Related: 6 Franchise Umbrella Brands That Franchisees Should Know About
To accomplish this, Authority Brands ramped up training for franchisees, consolidated services like marketing and IT, and started hosting live town halls monthly. "It was about having a true partnership between the franchise and the franchisee, where we are both aligned on what we're trying to do," says Dawson.
In 2020, the plan started clicking: Each of the three brands exceeded their goals. The numbers say it all: "I believe in 2019, we were tracking in about the lower $500 million total revenue range," says Dawson. By the end of 2023, that figure was $940 million.
This year, Authority Brands' five-year plan will be complete. So what's next? "There's definitely going to be a big party," says Dawson. And then...a new five-year plan?
Dawson isn't saying just yet. He has ideas, but he needs to iron them out with his franchisees first.
How DonutNV Jumped 203 Spots
To grow, DonutNV needed a steady supply of delivery trailers. So last year, it started making them itself.
DonutNV didn't rank last year. Now it's No. 298.
DonutNV is known for its hot mini doughnuts. It is not especially known for the trailers it produces at its 31,000-square-foot factory in Georgia. But those trailers have become the key to its business.
Here's why. DonutNV is a mobile operation, with franchisees selling doughnuts out of trailers at corporate events, graduations, and so on. The brand once relied on trailers purchased from third-party vendors — but in February 2023, shortly after it ramped up its sales operations, it foresaw a problem: What if the brand recruited franchisees faster than trailers were available? "It was kind of a necessity," says Alex Gingold, DonutNV's cofounder.

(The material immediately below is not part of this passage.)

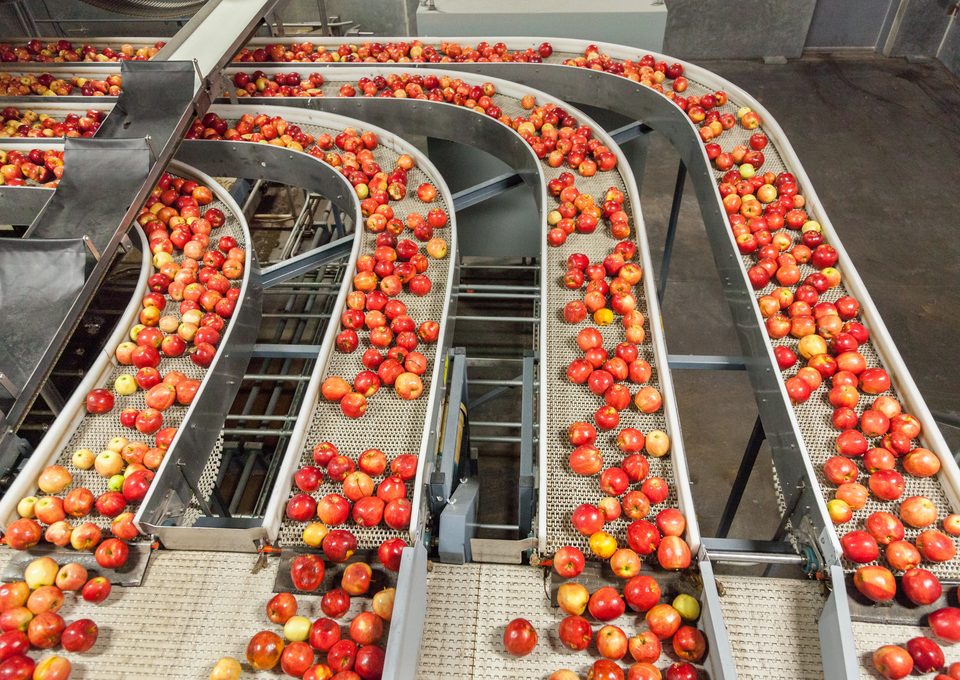 Apples on curved sorting conveyors in a food plant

So now, DonutNV can assemble custom-made trailers on its own schedule and have them delivered — which is both useful for newcomers and helps existing franchisees scale.
But this isn't just about speed. For instance, the manufacturing allowed DonutNV to back its trailers up with in-house warranties and test out small changes that improve the delivery time. (DonutNV's typical transaction occurs in about 45 seconds, says Gingold — or faster if it's serving at a prepaid catering event.)

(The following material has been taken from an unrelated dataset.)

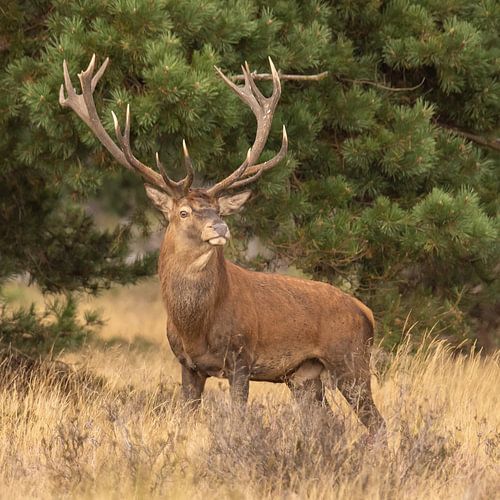Herten op de Hoge Veluwe, bronsttijd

Related: How Brands Benefit from Franchise Consulting and Development Firms
Ultimately, the company wants to build a culture of innovation that grabs every opportunity for improvement. "We're really proud of our product, but we're constantly looking to make it better," says Gingold. "I think that's the general nature of any entrepreneur."
One of the trailer's most notable features is the LED-lit viewing window that lets customers watch from inches away as rings of dough float down a lazy river of bubbling oil, frying to their caramel-colored glory before the mechanized flippers sling them into the drip pan. But that kind of behind-the-scenes visibility means the machines must be kept sparkly clean. To that end, DonutNV recently implemented an easier way to drain used oil from the doughnut machines, which cuts down on the emptying time.
Small changes like this help the company improve its product even as it continues to rapidly expand its footprint. "We're consistently opening eight-to-10 units a month," says Gingold. "It's explosive growth, and we've been able to do that because we brought everything in-house and we're managing it ourselves."